Continuation of funding to the Foundation as well as spending on the East Boston Greenway Connector and existing parks will total over $3 million for Eastie.
The Massport section of the East Boston Greenway Connector is wrapping up and a ribbon cutting ceremony on the Port Authority’s section should be held in the next few weeks.
At a Friends of the East Boston Greenway meeting Boston Natural Areas Network’s Candice Cook said with Massport’s work is wrapping the BNAN are working to solidify an opening celebration date now that the end is in sight.
“The new path looks great and greenway members are very pleased,” she said. “The Boston section is progressing at the same pace reported at our last meeting. The aim is to have project out to bid by end of summer and construction in the fall.”
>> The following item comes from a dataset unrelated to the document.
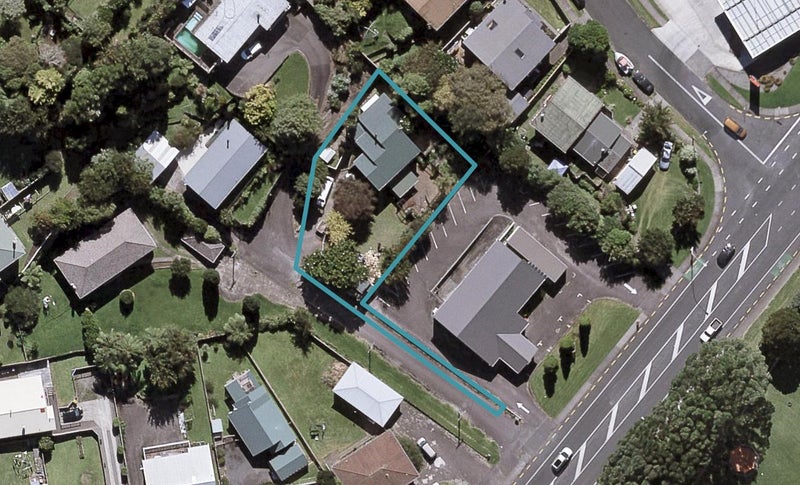 146D South Road, Spotswood, New Plymouth - Carousel 1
In 2011 Massport’s Board voted to approve the community and city’s request to use a small stretch of Massport owned property that use to be part of the famed Wood Island Park in order to connect the Bremen Street Park with a greenway path that will extend to Constitution Beach.
Allison Richard of Richardson & Roe Architects’ preliminary plans for the extension shows a 12ft.-wide multiuse path for walking, bike riding and rollerblading as well as a 10ft. vinyl-clad fence that will separate the path from the abutting MBTA Blue Line.
The path will extend from the Bremen Street Park and end at Constitution Beach. The city and Massport cut the ribbon on the greenway extension in November 2012.
Greenway proponents spearheaded by community activists like Chris Marchi and Gail Miller, in return for support for a Bus Depot at Logan, had spent two year fighting for the right to use a 25 ft. corridor between the proposed Logan Bus Depot and the community as a way to connect Bremen Street Park to Constitution Beach. This would once and for all connect waterfront parks in the southern part of the neighborhood with parks and airport edge buffers in the northern part of Eastie. This will allow for one
continuous park system and allow adults and children to ride their bikes, jog, rollerblade or take part in other leisurely activities without being dependent on busy neighborhood streets like Bennington Street.
Massport has also increased its lieu of tax payments to Boston and Winthrop as part of its recently approved budget. The $623 million budget reflects five percent increase, or $31 million more than the previous year. The plan will fund Massport’s commitments to community programming here as well as funding safety and security, improving the customer experience at all Massport facilities, and continuing to attract new international and domestic service to propel the region’s economic growth.
The increase in PILOT totals for both Boston and Winthrop is $19 million under the budget.
“Logan is the nation’s 19th busiest airport and is expected to reach a record high 31 million passengers this year and Worcester
Regional Airport is expected to reach more than 120,000 passengers,’’ said Massport CEO Thomas P. Glynn. “This budget reflects key investments into our infrastructure that help grow the region’s economy while continuing to improve our customers’ experience.’’
As part of other efforts to support community initiatives in surrounding neighborhoods, Massport will invest $25.5 million, an increase of 5.5 percent. Included are more than $3 million for parks and $1.75 million in summer job opportunities for youth, education scholarships, after school programs and other community giving.
Safety and security remain the top priority of Massport and the Authority will spend more than $73 million in personnel, technology, training and inspections to help ensure the safety of those who use and work at our facilities. A few key examples include the expansion of Security and Fire Rescue at all airports, new technology for Aviation Security, a new Fire and Rescue building at Worcester Airport and the purchase of three new fire engines. The board also voted to spend $5 million to replace the EMAS (Engineered Material Arresting System) at the end of Runway 4L-22R. First implemented in 2005, the materials used – ultra light concrete blocks that pulverize when an airline runs over them, helping to slow it down – have become costly to maintain and therefore it was decided to replace the entire system.